Patience is a virtue… Especially when it comes to receiving social security income.
It isn’t a surprise that many people, Boomers and Millennials alike, are going to rely on Social Security to help fund their retirement. Actually according to an article published this morning on Mainstreet.com, 85% of Baby Boomers and 54% of Millennials expect SS to be a “top source” of income during retirement. It is debatable as to why there is a difference between generations and who plans on using SS, but one thing that is clear is that there will be a majority of the population using it for the next few decades. However, not all of the SS users will be receiving the same benefits.
According to the Social Security Administration website (ssa.gov) there are different benefits depending on when a person actually retires. Someone can actually receive less than 100% of their SS income if they retire early, but they could also receive more than 100% if they retired later than the age of 67. The SSA website is actually very helpful, but you have to understand that it was probably written by a government administrator and isn’t the easiest of reads. I have provided a summary of information that I found on the SSA website to spare you from reading through the long and complicated version.
Basically, the earliest you can “retire” and receive SS benefits is at the age of 62. At 62 you receive the LEAST amount of benefits at only 70.42% of your total allowable SS benefits. Normal retirement age, as defined by the SSA, is 67 years old. At 67, you would receive 100% of your allowable SS benefits. You can claim your benefits after the “normal retirement age” and actually receive a bonus for doing so. The latest you can wait, and receive any kind of added benefits, is the age of 70. At 70, you would receive 124% of your allowable SS benefits. Below is a chart that shows the different percentages of SS benefits depending on what age you decide to retire.
As you can see, it is MUCH more beneficial to elect to receive SS benefits until after the age of 67. The difference between retiring 3 years earlier (age 64) or 3 years later (age 70) is a 20% decrease or a 24% increase. You get more money for waiting.

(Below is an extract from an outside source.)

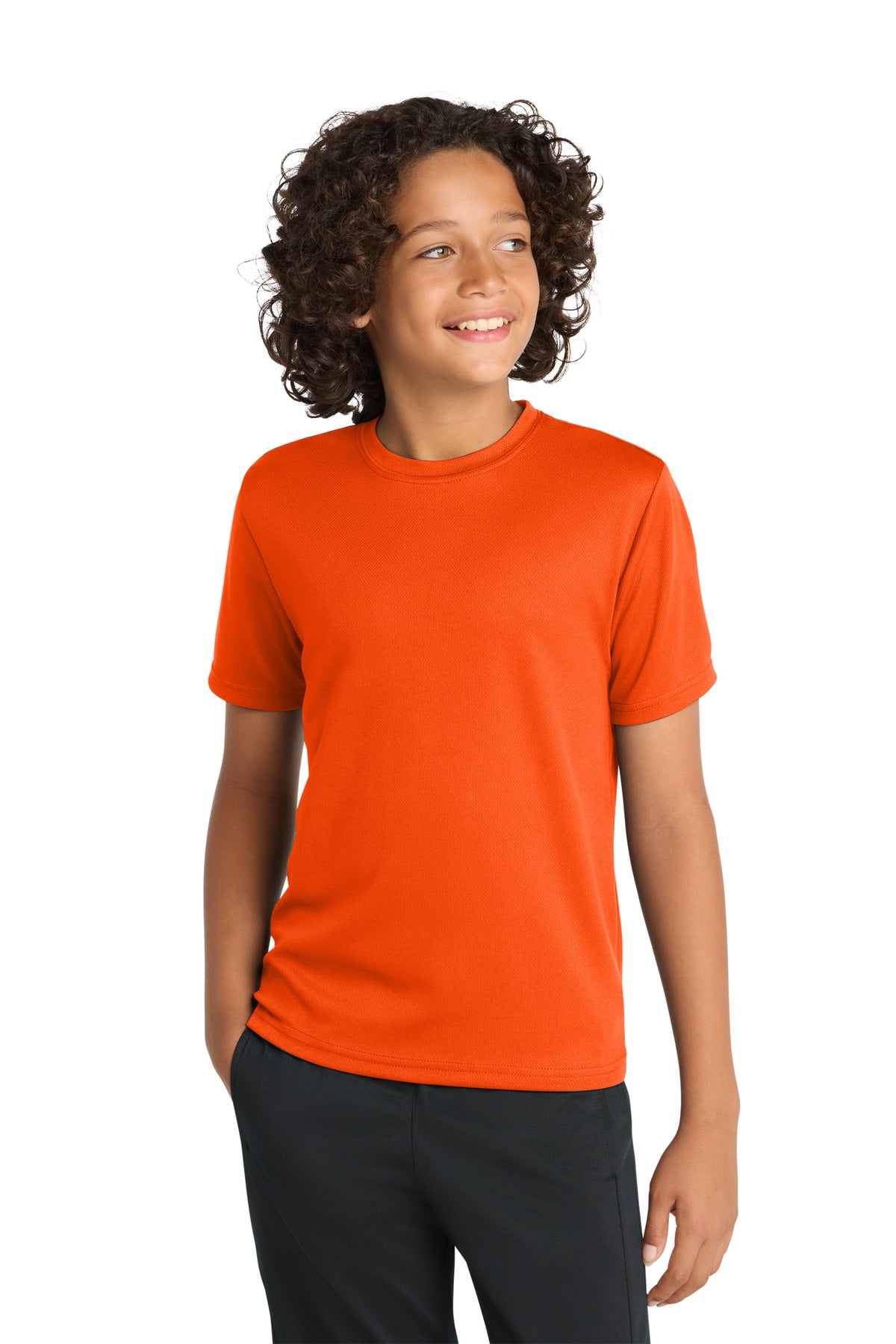 Sport-Tek Youth PosiCharge RacerMesh Tee YST340 - Neon Orange - Front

Now, every person is different and everyone has a different scenario when it some to retirement-income needs. Not everyone can wait an extra 3 years to start receiving SS income, some can barely wait until age 62. I wrote this article to try and do 2 things. First, inform people about how the SS benefits work from a general perspective. Secondly, I aim to hopefully motivate people to plan ahead. If you plan on supplementing your retirement with IRAs, Real Estate Investments, Employee Retirement Plans, or another form of retirement investment then you can potentially wait longer to request SS benefits. In other words, you can AFFORD to have patience.